▶ **WHAT YOU ARE ASKED TO DO**
The records that follow are to be repeated exactly, with no pictures carried over.

----- RECORDS -----

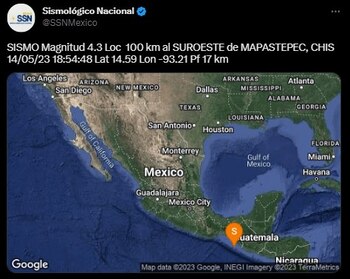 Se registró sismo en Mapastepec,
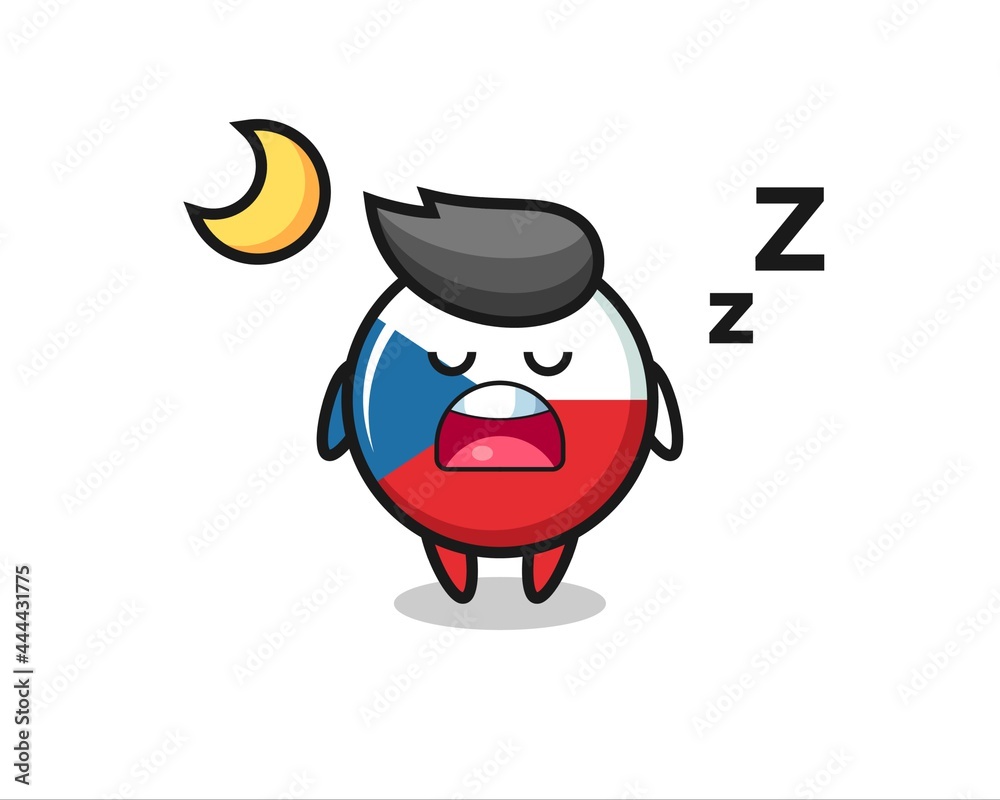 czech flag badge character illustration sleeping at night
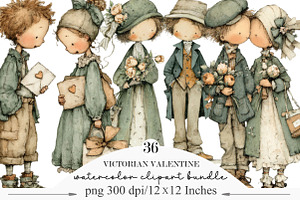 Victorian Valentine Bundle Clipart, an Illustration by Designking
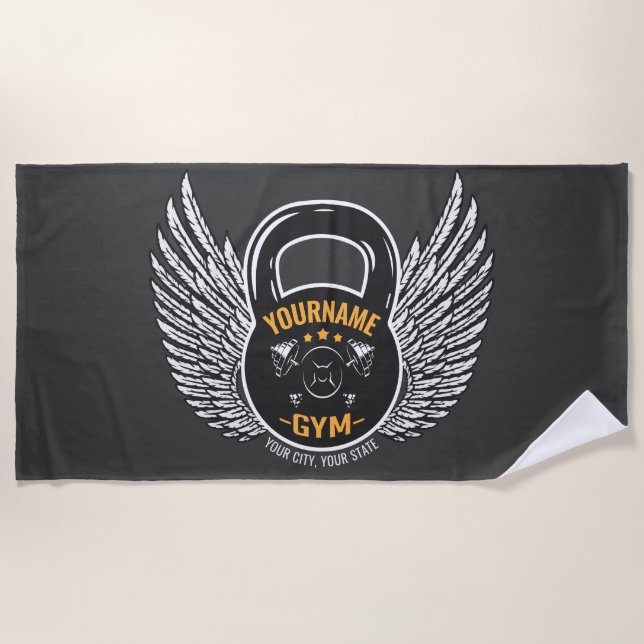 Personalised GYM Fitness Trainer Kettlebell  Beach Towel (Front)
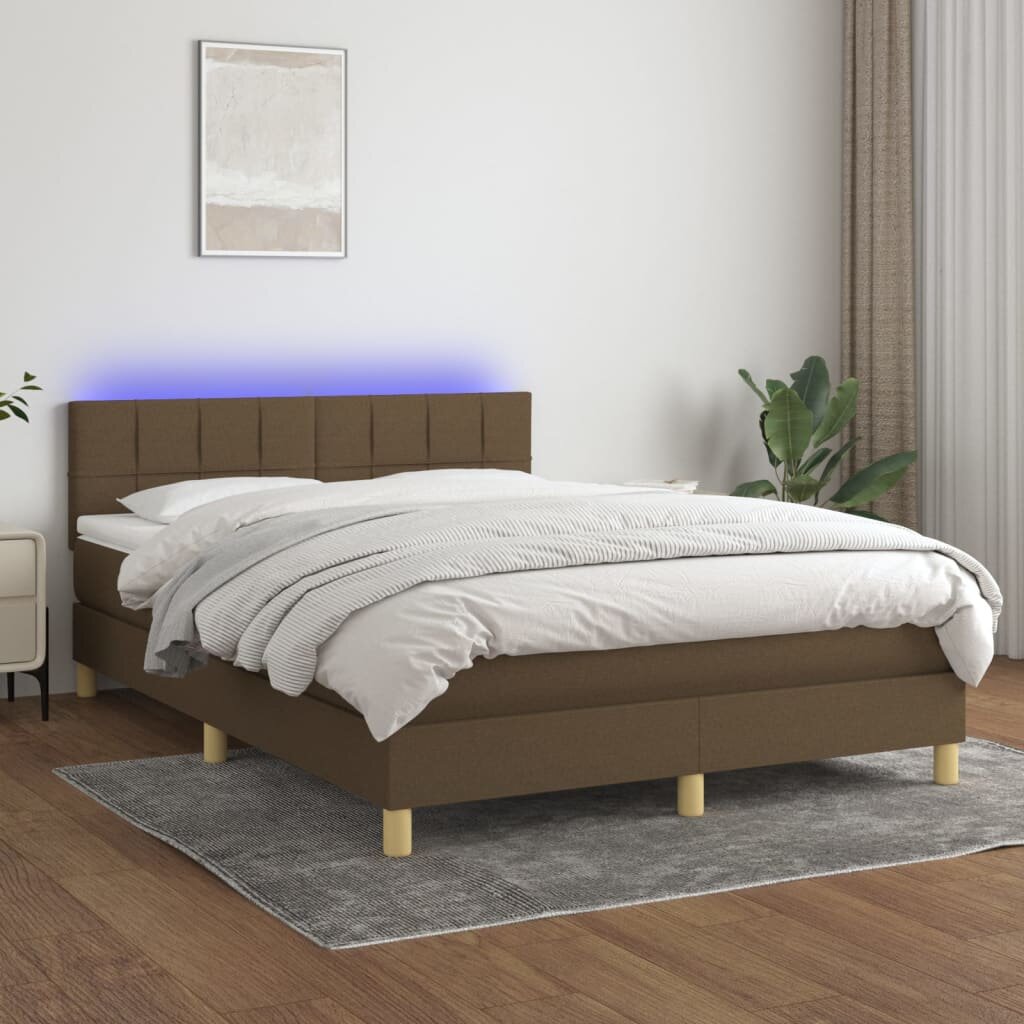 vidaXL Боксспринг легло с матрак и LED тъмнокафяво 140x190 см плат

-----

▶ **RESPONSE**
 Se registró sismo en Mapastepec,
 czech flag badge character illustration sleeping at night
 Victorian Valentine Bundle Clipart, an Illustration by Designking
 Personalised GYM Fitness Trainer Kettlebell  Beach Towel (Front)
 vidaXL Боксспринг легло с матрак и LED тъмнокафяво 140x190 см плат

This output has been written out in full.